This code is a Tensorflow implementation of the models described in A Decomposable Attention Model for Natural Language Inference and Enhancing and Combining Sequential and Tree LSTM for Natural Language Inference (for the latter, only the sequential model is implemented).
This architecture is composed of three main steps:
- Align. This steps finds word-level alignments between the two sentences. The words in one sentence are compared to the words in the other one, possibly considering their contexts.
- Compare. Each word is paired with a representation of the words it is aligned to. This representation is achieved by combining word embeddings, weighted by the strength of the alignment. Neural networks process these combinations.
- Aggregate. All word-alignemnt pairs are combined for a final decision with respect to the relation between the two sentences.
The code was only tested in Python 2.7. The master
branch uses Tensorflow 0.12, but the tensorflow1.0
branch uses version 1.0 (that is the only difference between the two branches).
Run train.py -h to see an explanation of its usage. A lot of hyperparameter customization is possible; but as a reference, using the MLP model on SNLI, great results can be obtained with 200 units, 0.8 dropout keep probability (i.e., 0.2 dropout), 0 l2 loss, a batch size of 32, an initial learning rate of 0.05 and Adagrad.
The train and validation data should be in the JSONL format used in the SNLI corpus. The embeddings can be given in two different ways:
- A text file where each line has a word and its vector with values separated by whitespace or tabs
- (faster!) A numpy file with the saved embedding matrix and an extra text file with the vocabulary, such that its i-th line corresponds to the i-th row in the matrix.
The code can be run on either GPU or CPU transparently; it only depends on the tensorflow installation.
In order to run a trained model interactively in the command line, use interactive-eval.py:
$ python src/interactive-eval.py saved-model/ glove-42B.npy --vocab glove-42B-vocabulary.txt Reading model Type sentence 1: The man is eating spaghetti with sauce.
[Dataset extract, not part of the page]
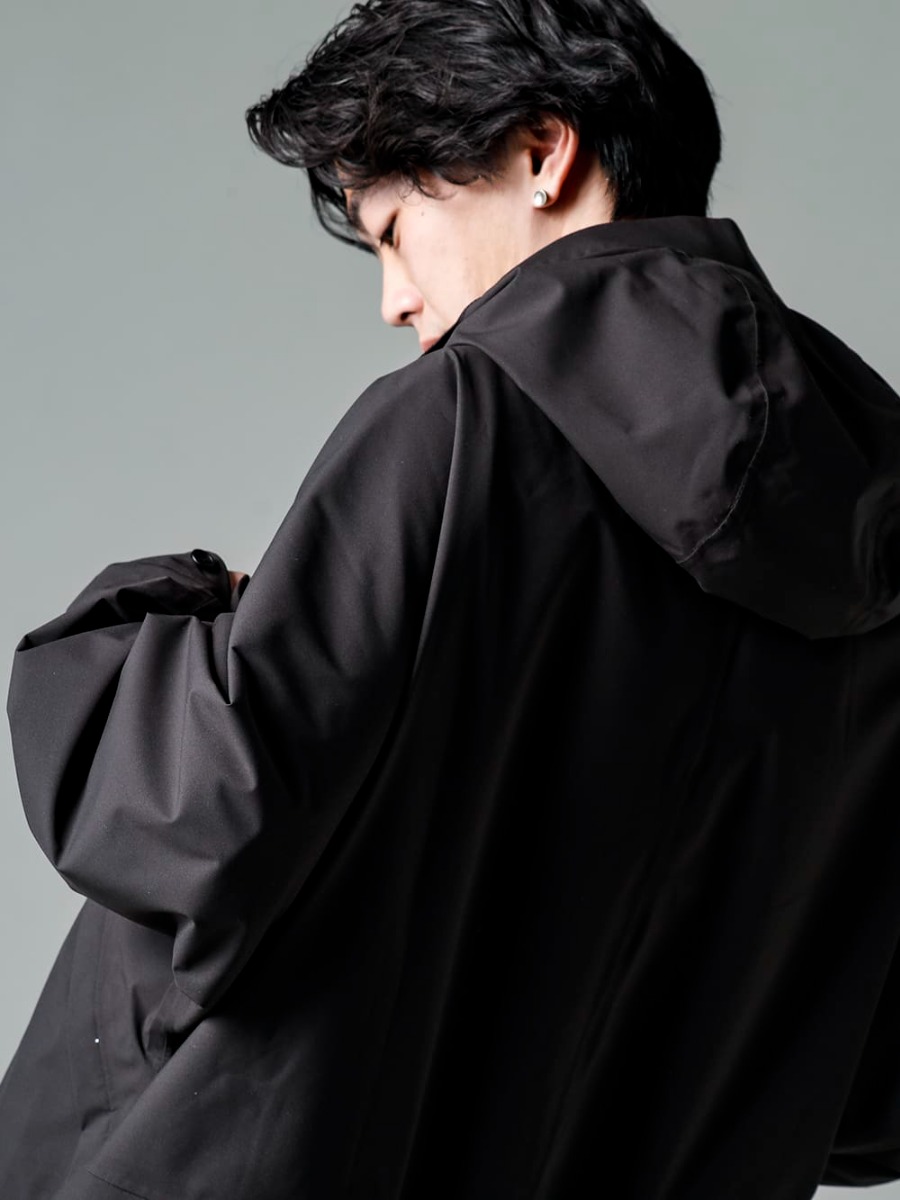 O PROJECT(オー プロジェクト) 23SS(春夏) 驚くほど軽量なスーパーライトウェイト生地と隠された多機能ディテール  - Harmattan-Unisex-Cropped-Black ハルマッタン ユニセックス クロップド ブラック O15SW1-KINARI クルー ネック スエット キナリ 2-006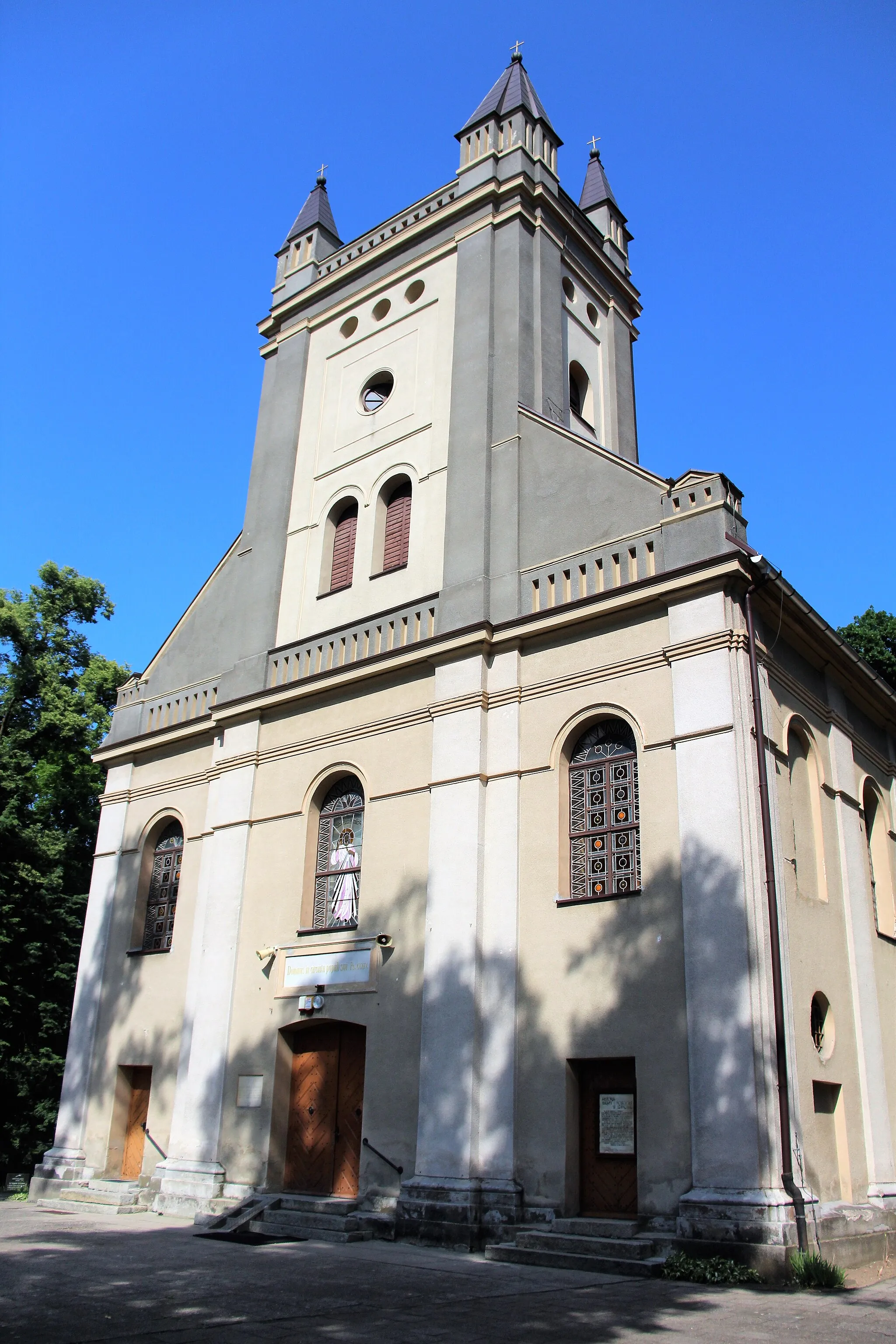 Photo showing: Kościół św. Wojciecha w Lewkowie – rzymskokatolicki kościół parafialny zlokalizowany w centrum miejscowości Lewków (powiat ostrowski, województwo wielkopolskie).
Type sentence 2: The man is having a meal. Model answer: entailment Type sentence 1: The man is eating spaghetti with sauce. Type sentence 2: The man is running in the park. Model answer: contradiction Type sentence 1: The man is eating spaghetti with sauce. Type sentence 2: The man is eating in a restaurant. Model answer: neutral
It can also show a heatmap of the alignments.
Use the script evaluate.py to obtain a model's loss, accuracy and optionally see the misclassified pairs.